_EXERCISE:_
Transcribe the lines exactly, beginning with the one that contains "Continental 49244 Accu-Drive" and ending with the final line of the records. Do not transcribe pictures.

Start of Block

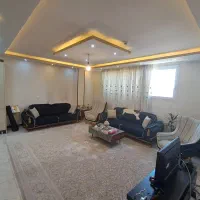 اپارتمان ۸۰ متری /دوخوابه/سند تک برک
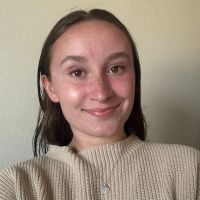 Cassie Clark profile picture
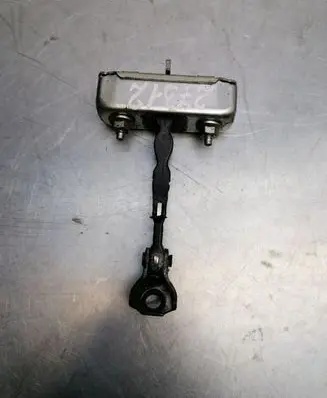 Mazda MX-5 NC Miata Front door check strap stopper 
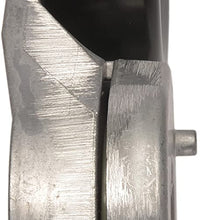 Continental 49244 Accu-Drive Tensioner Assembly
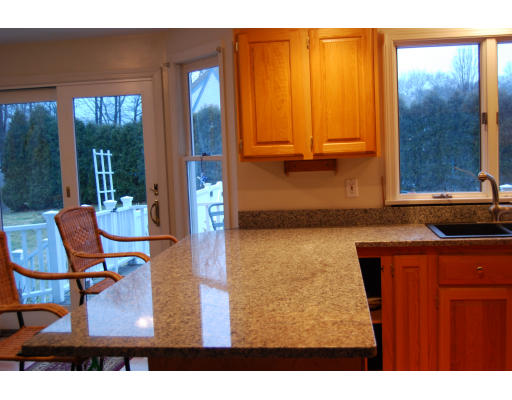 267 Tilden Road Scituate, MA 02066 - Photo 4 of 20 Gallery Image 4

End of Block

_YOUR SOLUTION:_
 Continental 49244 Accu-Drive Tensioner Assembly
 267 Tilden Road Scituate, MA 02066 - Photo 4 of 20 Gallery Image 4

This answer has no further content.